De vrouw is niet afstotend. Ze wordt ook niet: ‘opgehemeld’ geïdealiseerd. Ze is van hemelse oorsprong. En die verliest ze nooit, al blijkt ze straks op aarde te zijn. Het teken dat Johannes ziet is dan ook indrukwekkend (‘groot’). Ze staat in de machtige schittering in het hart van het heelal en alles dient haar glorie. Ze is gehuld in de zon als in een kleed. Onder haar voeten is de maan, aan haar onderworpen. Op haar hoofd een overwinningskrans van twaalf sterren; ook de sterrenwereld dient haar glorie en roept uit dat zij kampioene is; de hoogste eer in het heelal dat zij kan ontvangen.

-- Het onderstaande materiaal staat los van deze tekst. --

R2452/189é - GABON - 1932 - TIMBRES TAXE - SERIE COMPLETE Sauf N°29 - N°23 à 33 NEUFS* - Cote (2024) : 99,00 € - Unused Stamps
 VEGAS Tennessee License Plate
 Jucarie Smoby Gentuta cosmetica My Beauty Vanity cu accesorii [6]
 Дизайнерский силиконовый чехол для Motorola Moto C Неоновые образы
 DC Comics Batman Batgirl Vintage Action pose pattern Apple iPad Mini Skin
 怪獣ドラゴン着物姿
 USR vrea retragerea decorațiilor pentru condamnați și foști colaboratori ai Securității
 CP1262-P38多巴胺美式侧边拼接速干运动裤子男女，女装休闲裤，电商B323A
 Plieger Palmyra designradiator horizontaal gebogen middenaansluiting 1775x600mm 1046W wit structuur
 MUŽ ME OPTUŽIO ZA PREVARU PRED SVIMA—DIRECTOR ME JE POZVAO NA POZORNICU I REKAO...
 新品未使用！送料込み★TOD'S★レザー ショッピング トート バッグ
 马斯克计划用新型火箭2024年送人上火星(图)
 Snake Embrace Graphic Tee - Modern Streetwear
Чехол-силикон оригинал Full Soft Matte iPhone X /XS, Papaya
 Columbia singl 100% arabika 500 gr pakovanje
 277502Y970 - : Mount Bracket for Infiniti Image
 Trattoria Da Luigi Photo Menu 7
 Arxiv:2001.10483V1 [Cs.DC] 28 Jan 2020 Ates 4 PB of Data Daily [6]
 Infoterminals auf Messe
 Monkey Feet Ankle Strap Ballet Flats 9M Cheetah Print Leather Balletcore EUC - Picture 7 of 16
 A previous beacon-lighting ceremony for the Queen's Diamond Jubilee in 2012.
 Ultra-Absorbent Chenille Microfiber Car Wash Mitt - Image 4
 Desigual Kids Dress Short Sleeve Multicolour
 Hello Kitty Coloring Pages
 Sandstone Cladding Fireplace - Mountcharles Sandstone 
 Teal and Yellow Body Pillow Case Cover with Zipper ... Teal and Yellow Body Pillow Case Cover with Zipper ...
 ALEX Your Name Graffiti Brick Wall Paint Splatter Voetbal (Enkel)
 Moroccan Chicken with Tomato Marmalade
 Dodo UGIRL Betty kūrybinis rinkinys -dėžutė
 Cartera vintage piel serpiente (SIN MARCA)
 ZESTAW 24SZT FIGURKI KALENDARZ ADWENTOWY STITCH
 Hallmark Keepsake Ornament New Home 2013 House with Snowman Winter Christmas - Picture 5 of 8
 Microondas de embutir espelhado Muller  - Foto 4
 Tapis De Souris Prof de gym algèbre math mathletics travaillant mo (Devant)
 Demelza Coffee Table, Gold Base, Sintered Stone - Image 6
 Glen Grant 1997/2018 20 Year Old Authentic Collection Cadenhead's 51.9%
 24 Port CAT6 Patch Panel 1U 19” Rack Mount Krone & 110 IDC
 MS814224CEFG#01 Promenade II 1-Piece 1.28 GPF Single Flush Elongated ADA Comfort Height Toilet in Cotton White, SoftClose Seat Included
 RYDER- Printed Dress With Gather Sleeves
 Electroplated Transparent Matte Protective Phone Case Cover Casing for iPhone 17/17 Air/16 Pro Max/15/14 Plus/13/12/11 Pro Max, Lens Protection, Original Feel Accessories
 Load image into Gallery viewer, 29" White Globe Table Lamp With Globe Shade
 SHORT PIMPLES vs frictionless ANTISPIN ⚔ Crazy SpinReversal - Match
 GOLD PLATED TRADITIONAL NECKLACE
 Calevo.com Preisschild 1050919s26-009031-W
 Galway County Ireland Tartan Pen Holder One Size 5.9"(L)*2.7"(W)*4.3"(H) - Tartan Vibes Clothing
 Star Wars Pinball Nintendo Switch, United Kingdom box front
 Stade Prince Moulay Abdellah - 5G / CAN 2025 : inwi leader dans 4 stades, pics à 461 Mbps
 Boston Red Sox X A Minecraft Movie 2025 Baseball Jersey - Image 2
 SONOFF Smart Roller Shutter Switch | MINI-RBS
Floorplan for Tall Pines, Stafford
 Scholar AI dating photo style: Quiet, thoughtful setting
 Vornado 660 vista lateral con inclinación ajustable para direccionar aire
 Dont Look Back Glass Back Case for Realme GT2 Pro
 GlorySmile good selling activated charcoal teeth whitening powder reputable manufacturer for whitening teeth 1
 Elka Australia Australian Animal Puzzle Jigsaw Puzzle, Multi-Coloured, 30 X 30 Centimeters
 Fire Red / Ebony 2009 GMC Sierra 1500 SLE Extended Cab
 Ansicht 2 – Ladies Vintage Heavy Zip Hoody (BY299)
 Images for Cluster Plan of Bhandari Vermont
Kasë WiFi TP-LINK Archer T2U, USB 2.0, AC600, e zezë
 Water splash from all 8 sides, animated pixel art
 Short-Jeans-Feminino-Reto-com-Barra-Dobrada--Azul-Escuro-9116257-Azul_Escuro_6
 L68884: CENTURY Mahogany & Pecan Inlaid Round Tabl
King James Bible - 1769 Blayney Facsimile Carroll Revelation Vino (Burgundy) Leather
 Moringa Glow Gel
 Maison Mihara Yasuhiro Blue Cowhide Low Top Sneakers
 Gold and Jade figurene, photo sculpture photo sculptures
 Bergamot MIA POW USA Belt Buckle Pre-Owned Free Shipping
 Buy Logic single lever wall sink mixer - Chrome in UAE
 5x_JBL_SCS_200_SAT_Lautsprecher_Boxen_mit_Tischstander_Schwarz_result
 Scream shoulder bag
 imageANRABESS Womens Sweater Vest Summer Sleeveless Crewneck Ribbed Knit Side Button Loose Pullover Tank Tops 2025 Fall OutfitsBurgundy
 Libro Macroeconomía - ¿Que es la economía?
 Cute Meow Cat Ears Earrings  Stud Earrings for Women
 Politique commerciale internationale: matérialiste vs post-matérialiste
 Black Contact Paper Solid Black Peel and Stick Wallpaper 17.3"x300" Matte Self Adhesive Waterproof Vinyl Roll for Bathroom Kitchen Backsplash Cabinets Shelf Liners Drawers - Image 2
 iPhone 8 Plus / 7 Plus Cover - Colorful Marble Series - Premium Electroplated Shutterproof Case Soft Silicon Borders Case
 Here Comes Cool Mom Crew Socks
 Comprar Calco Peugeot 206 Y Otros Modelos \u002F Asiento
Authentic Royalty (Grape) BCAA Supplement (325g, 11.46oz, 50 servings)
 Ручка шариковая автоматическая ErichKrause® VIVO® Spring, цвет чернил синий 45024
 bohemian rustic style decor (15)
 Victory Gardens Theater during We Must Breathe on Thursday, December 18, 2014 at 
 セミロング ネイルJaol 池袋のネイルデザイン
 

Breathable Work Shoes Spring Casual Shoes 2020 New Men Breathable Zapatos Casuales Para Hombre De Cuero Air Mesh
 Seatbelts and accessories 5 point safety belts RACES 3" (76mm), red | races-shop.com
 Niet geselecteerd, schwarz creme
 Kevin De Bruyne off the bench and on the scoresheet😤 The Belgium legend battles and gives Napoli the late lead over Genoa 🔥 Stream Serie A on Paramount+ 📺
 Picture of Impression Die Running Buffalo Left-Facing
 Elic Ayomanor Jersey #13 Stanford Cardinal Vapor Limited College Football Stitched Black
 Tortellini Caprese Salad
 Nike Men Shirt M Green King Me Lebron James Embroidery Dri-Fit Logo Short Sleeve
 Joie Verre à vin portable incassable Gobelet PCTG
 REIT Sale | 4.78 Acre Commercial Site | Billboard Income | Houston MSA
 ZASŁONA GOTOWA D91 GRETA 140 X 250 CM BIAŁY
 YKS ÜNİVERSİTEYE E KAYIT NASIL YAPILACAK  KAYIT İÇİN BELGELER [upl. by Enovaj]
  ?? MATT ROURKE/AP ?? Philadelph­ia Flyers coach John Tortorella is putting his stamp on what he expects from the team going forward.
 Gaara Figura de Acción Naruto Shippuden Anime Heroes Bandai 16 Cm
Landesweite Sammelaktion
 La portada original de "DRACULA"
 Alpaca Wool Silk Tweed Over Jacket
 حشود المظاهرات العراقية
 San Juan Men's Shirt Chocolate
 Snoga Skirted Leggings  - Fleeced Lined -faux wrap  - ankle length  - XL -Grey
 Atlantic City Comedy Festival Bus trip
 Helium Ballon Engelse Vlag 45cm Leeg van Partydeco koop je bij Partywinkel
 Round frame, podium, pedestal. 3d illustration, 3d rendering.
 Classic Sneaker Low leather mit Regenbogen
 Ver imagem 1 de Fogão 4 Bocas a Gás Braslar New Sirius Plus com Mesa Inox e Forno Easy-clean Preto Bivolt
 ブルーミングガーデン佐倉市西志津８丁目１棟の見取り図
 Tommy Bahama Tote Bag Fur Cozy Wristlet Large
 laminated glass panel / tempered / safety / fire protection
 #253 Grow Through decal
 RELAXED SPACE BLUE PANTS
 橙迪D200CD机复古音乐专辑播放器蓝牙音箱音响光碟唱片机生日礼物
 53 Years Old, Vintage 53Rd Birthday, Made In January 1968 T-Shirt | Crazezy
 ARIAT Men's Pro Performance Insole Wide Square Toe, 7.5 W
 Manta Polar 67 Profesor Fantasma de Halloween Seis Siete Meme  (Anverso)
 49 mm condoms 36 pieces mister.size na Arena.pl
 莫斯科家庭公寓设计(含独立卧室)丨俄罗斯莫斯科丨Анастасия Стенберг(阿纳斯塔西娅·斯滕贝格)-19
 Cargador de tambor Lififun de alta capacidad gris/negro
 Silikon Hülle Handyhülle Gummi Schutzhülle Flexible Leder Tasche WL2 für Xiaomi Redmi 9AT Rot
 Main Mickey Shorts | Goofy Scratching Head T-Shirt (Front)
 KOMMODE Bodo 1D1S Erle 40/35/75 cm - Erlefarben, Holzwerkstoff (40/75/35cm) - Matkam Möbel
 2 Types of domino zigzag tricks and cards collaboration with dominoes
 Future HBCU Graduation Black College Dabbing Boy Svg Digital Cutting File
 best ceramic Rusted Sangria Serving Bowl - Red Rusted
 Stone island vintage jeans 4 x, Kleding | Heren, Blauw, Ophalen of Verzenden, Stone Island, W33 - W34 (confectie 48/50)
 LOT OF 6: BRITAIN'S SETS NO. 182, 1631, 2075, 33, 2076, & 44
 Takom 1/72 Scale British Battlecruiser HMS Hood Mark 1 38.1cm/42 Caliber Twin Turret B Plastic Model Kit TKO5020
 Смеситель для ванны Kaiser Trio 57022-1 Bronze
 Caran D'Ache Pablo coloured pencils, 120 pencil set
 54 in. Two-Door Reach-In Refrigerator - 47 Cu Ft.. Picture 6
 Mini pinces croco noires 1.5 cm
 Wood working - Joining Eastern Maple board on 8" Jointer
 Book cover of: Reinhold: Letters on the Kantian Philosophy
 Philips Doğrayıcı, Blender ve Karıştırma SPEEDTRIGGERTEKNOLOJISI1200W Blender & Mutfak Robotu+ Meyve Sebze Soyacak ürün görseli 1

We behoeven niet onze toevlucht te nemen tot astrologische motieven uit de wereld van het polytheïsme om tot verklaring te komen. Wie hier met deze motieven begint, zal straks de draak en Michaël moeten gaan verklaren uit perzische  voorstellingswerelden. De wereld van de mythen wordt dan eerst ingedragen om vervolgens er weer uit-verklaard te worden. Hoe zullen de zuchtende christenen hun kracht dan hervinden?

Maar de zon is bekend uit de openbàring die Gód aangaande zijn werken ons heeft geschonken. De maan en de sterrenwereld kennen we ook uit het woord van Hém. Ze zijn door de Schepper gemaakt toen het Hem beliefde ze te maken.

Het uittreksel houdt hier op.